Out of Scope (This Phase):

  • Multi-cloud provider support (AWS-only initially, SPI designed for future)
  • Cross-region failover
  • Real-time collaborative lab sessions
  • Custom node definition management

2. Functional Requirements

2.1 LabletDefinition Management

FR-2.1.1: Definition CRUD Operations

ID Requirement Priority
FR-2.1.1a System SHALL allow creation of LabletDefinitions via REST API P0
FR-2.1.1b System SHALL store LabletDefinitions as immutable versioned aggregates P0
FR-2.1.1c System SHALL support semantic versioning (MAJOR.MINOR.PATCH) P0
FR-2.1.1d System SHALL auto-increment version on detected diff from artifact P1
FR-2.1.1e System SHALL allow admin to override/rename version tags P1

FR-2.1.2: Definition Attributes

A LabletDefinition SHALL include:

Attribute Type Required Description
id UUID Yes Unique identifier
name string Yes Human-readable name
version semver Yes Semantic version (e.g., "1.2.3")
form_qualified_name string Yes Globally unique content identifier (e.g., "Exam CCNP ENCOR v2.3 LAB 2.3.4a")
lab_artifact_uri URI Yes S3/MinIO path to CML Lab YAML
lab_yaml_hash string Yes SHA-256 of lab YAML content
content_bucket_name string Yes S3/MinIO bucket (slugified form_qualified_name)
resource_requirements object Yes CPU, memory, storage needs
license_affinity enum[] Yes Compatible license types
node_count integer Yes Total nodes in lab topology
port_template object Yes Port allocation template
grading_rules_uri URI No Path to grading criteria
warm_pool_depth integer No Pre-provisioned lablet count
max_duration_minutes integer Yes Maximum session duration
owner_notification object No Contact info for crash notifications
created_at datetime Yes Creation timestamp
created_by string Yes Creator identity

form_qualified_name

The form_qualified_name is the globally unique key that enables multiple systems (LCM, LDS, Assessment Platform) to access shared content in S3/MinIO. The bucket name is derived by slugifying this value (e.g., "exam-ccnp-encor-v2-3-lab-2-3-4a").

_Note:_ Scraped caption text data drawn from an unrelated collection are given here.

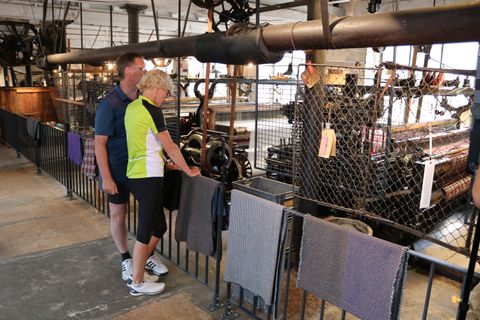 Twee mensen kijken naar machines in een historische textielfabriek.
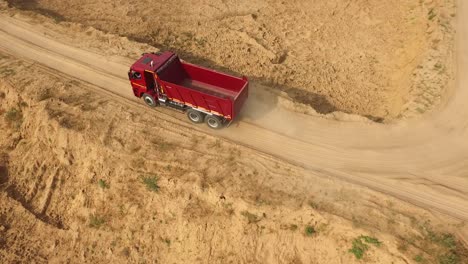 red dump truck driving on a dirt road in a quarry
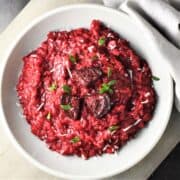 Top down view of beet risotto in grey bowl.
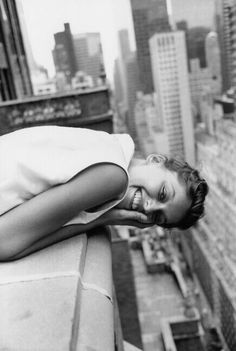 black and white photograph of a woman laughing on a city street with buildings in the background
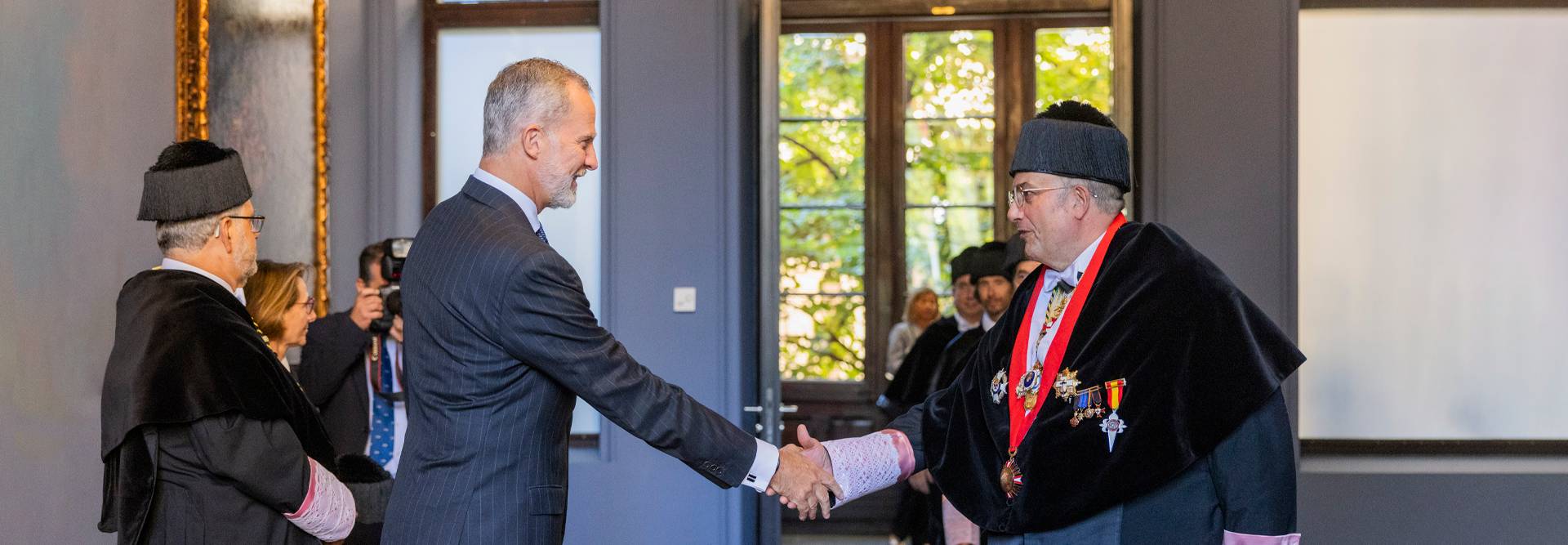 Una ceremonia donde se lleva a cabo un saludo formal entre dos personas en un ambiente académico.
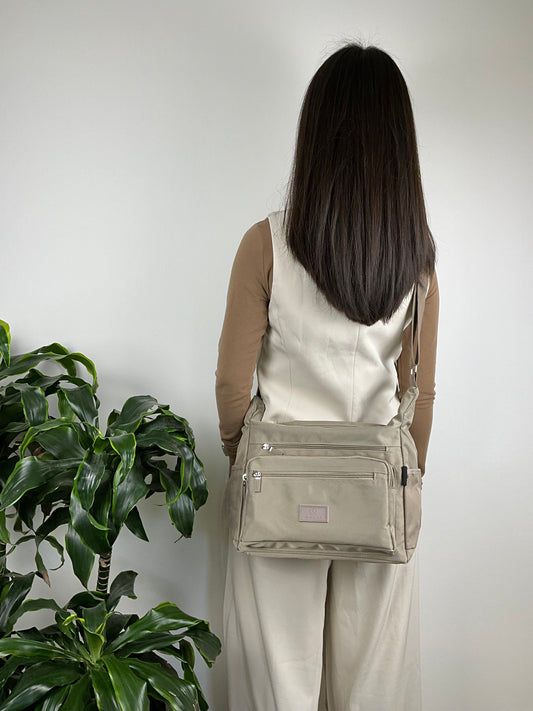 Model med MS Klassisk Skuldertaske i beige – bagsidevisning, elegant og tidløs design.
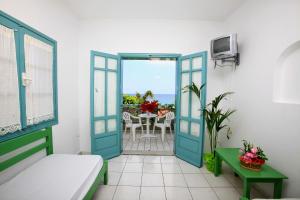 Cette chambre dispose d'une porte s'ouvrant sur un balcon avec une table. dans l'établissement Anatoli Apartments, à Chersónissos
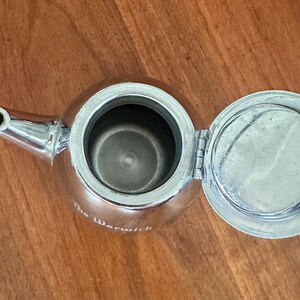 May include: A polished silver-tone metal teapot viewed from above with the lid open. The teapot features a curved spout and a circular opening. The text The Warwick is printed in white on the side of the metallic body of the teapot.
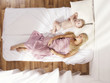 Beautiful young mom with naked baby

FR-2.1.3: Resource Requirements Schema

resource_requirements:
  cpu_cores: 4          # Minimum CPU cores
  memory_gb: 8          # Minimum RAM in GB
  storage_gb: 50        # Minimum storage in GB
  nested_virt: true     # Requires nested virtualization
  ami_requirements:     # Optional AMI constraints
    - name_pattern: "CML-2.9.*"
    - min_version: "2.9.0"

FR-2.1.4: License Affinity

ID Requirement Priority
FR-2.1.4a System SHALL support license types: PERSONAL, ENTERPRISE, EVALUATION P0
FR-2.1.4b System SHALL validate node_count against license capacity at scheduling P0
FR-2.1.4c Personal license: max 20 nodes P0
FR-2.1.4d Enterprise license: unlimited nodes P0

FR-2.1.5: Artifact Synchronization

ID Requirement Priority
FR-2.1.5a System SHALL download lab YAML from S3/MinIO on demand P0
FR-2.1.5b System SHALL detect changes via hash comparison P0
FR-2.1.5c System SHALL prompt admin for version tag on detected diff P1
FR-2.1.5d System SHALL cache downloaded artifacts locally P2

FR-2.1.6: LDS Content Synchronization

ID Requirement Priority
FR-2.1.6a System SHALL call LDS refresh_content when a LabletDefinition is versioned P0
FR-2.1.6b Content refresh SHALL be triggered synchronously via lablet-controller P0
FR-2.1.6c System SHALL pass form_qualified_name to identify content in S3/MinIO P0
FR-2.1.6d System SHALL log content refresh results for audit P0

Content Package Structure (S3/MinIO):

The content bucket (derived from form_qualified_name) SHALL contain:

<slugified-form-qualified-name>/
β”œβ”€β”€ content.xml          # Device definitions and UI layout
β”œβ”€β”€ cml.yaml             # CML lab topology (nodes, links, annotations)
β”œβ”€β”€ tasks/               # Task definitions for LDS UI
└── assets/              # Supporting files (images, scripts)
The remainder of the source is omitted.